La motivazione della sentenza impugnata rientra paradigmaticamente nelle gravi anomalie argomentative individuate in detti arresti giurisprudenziali e dunque, concretizzando un chiaro esempio di “motivazione apparente” ossia del tutto mancante, si pone sicuramente al di sotto del “minimo costituzionale”.
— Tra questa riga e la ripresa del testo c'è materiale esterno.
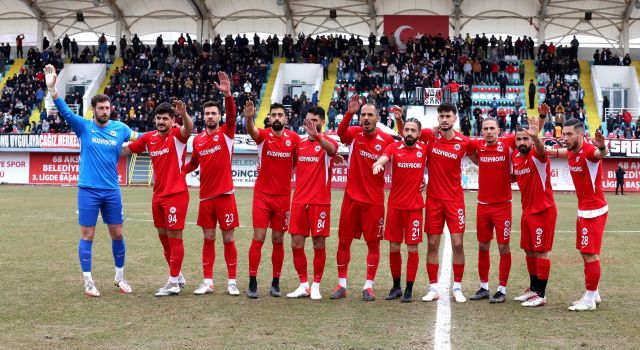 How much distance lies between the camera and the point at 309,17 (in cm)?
5616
La CTR pugliese infatti ha così suffragato la decisione: «L’appello è parzialmente fondato. Invero il maggiore reddito risultante dalla fattura di euro 200.000 pari ad euro 166.667 in quanto l’ulteriore somma rappresenta l’IVA da dover versare all’erario. Tale somma va poi decurtata del 30% quale presunto costo per la produzione di maggiori ricavi di euro 166.667. Non può essere riconosciuto il presunto reddito di euro 21.501 in quanto tale reddito poteva ritenersi legittimo solo ove in danno del contribuente non fosse stato accertato alcun reddito, cosi da rappresentarsi come antieconomica l’attività del contribuente. Ma una volta accertato il maggiore reddito di cui alla fattura di euro 200.000 è evidente che l’attività del contribuente non è più antieconomica. In virtù di quanto innanzi esposto il maggiore reddito pertanto da accertare in capo all’appellato è di euro 116.670 sul quale deve essere quantificata l’IVA e le imposte dovute».
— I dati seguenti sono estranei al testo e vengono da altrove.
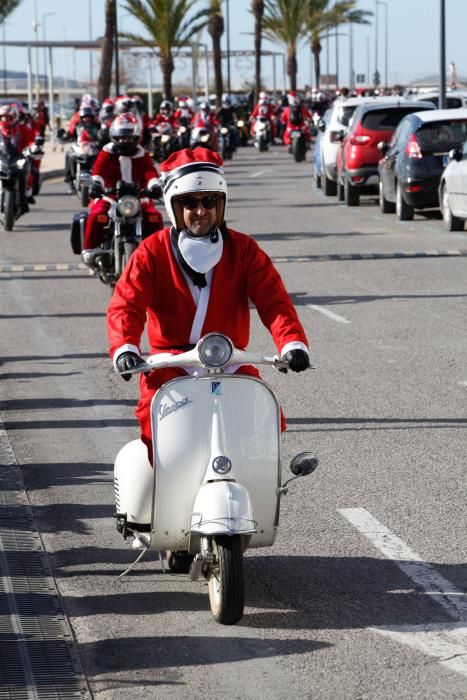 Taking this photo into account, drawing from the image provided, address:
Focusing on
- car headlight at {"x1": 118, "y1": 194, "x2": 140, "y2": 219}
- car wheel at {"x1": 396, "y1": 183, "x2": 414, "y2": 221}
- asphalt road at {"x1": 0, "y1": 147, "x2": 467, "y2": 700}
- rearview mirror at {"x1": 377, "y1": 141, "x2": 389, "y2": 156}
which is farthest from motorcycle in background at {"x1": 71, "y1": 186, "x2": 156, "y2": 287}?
rearview mirror at {"x1": 377, "y1": 141, "x2": 389, "y2": 156}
Tali considerazioni/affermazioni, a parte la tautologica scarsa comprensibilità, sono all’evidenza apodittiche, assertive, al più rappresentative del convincimento del giudice tributario di appello, ma non estrinsecano il percorso argomentafivo che lo induce a tale convincimento e pertanto nel loro —limitato- ordito realizzano un tipico esempio di “motivazione apparente”, così come denunciato nella censura de qua.
La sentenza impugnata va dunque cassata in relazione al primo motivo del ricorso principale, assorbiti il secondo motivo del ricorso principale ed il motivo di ricorso incidentale, con rinvio al giudice a quo per nuovo esame.
P.Q.M.
Accoglie il primo motivo di ricorso, assorbiti il secondo motivo ed il motivo unico del ricorso incidentale, cassa la sentenza impugnata e rinvia alla Commissione tributaria regionale della Puglia, in diversa composizione, anche per le spese del presente giudizio.